June 15, 2017 § 35 Comments
Denzinger, for those who don’t know, is a compendium of Catholic doctrines which is used to teach seminarians. What is notable about it is that it isn’t a catechism or commentary: it is a collection of actual authoritative magisterial statements on a wide range of moral and theological subjects, originally commissioned by Pope Pius IX. The content of Denzinger is actual epistemically authoritative pronouncements of the teaching Magisterium collected over the millennia, as opposed to some person’s explanation of “what the Church teaches”.
One of the things that struck me when I bought my first copy of Denzinger was how small it is, as a collection of the explicit authoritative communal beliefs of a millennia old institution with a global footprint: as the collected actual resolutions drawn from two thousand years of disputation and controversy. No one can hold the dimunitive single volume in his hands, and then witness the glory of medieval cathedrals and universities, without concluding that the production of true propositions on paper is not the primary activity of the Church.

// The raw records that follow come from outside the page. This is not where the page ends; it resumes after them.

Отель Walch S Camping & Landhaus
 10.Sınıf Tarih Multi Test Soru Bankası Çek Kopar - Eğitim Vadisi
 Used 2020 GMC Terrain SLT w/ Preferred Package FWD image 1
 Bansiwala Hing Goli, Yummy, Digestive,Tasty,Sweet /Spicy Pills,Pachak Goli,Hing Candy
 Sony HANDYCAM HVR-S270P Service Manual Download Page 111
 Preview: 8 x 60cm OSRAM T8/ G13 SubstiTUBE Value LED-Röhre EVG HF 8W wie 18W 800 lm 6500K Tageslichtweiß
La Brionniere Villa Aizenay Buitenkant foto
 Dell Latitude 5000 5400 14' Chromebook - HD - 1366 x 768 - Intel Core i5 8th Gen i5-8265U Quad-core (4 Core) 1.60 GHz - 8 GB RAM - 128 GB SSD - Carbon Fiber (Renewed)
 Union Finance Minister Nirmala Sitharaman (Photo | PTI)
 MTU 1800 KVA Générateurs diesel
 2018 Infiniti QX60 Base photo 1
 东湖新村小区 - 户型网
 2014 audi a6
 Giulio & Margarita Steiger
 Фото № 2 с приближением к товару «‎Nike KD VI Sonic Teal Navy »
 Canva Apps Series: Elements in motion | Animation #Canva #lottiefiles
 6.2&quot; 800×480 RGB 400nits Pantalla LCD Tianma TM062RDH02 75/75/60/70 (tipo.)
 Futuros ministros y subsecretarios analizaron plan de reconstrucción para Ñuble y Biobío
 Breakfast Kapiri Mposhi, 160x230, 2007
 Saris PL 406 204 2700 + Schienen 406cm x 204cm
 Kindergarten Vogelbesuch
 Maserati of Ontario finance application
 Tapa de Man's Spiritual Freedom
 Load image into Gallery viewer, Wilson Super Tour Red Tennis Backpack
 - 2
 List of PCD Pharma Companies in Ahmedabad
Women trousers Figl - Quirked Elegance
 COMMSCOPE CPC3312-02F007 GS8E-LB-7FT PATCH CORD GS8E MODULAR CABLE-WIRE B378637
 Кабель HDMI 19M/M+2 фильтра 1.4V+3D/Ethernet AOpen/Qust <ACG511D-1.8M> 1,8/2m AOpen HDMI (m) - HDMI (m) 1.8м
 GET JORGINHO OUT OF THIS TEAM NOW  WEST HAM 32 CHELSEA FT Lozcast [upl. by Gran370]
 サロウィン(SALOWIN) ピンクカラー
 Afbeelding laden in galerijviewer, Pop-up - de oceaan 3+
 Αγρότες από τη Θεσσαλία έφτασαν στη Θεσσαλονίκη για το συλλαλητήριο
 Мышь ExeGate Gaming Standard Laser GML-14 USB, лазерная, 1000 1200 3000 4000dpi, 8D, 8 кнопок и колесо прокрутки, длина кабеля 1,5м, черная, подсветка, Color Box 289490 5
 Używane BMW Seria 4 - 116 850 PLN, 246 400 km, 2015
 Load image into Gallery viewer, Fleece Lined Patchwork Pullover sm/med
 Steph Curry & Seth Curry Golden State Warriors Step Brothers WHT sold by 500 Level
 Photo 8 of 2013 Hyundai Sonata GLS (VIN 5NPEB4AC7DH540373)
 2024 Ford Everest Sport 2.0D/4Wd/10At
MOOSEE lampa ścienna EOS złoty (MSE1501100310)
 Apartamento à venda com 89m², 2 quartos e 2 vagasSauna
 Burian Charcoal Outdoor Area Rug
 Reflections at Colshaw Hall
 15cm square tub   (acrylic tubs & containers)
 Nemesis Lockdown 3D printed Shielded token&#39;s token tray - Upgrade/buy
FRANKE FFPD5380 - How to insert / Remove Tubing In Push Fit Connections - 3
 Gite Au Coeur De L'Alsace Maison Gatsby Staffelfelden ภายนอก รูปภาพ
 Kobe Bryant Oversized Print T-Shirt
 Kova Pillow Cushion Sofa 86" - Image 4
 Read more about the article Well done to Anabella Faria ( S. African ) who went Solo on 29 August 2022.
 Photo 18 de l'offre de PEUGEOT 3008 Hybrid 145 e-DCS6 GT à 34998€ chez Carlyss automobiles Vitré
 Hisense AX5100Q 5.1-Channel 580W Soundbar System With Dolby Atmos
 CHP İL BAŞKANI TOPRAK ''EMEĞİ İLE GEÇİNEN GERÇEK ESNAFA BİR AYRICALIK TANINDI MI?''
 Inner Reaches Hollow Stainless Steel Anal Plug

Another unmistakable impression was that when you read someone’s commentary represented as “what the Church teaches,” what is most remarkable is how much of that commentary represents the imported and unexamined metaphysical baggage of the author.
But you don’t have to trust my impressions. You can form your own by carrying a copy of Denzinger into St. Mary Major in Rome or one of a thousand other churches and cathedrals.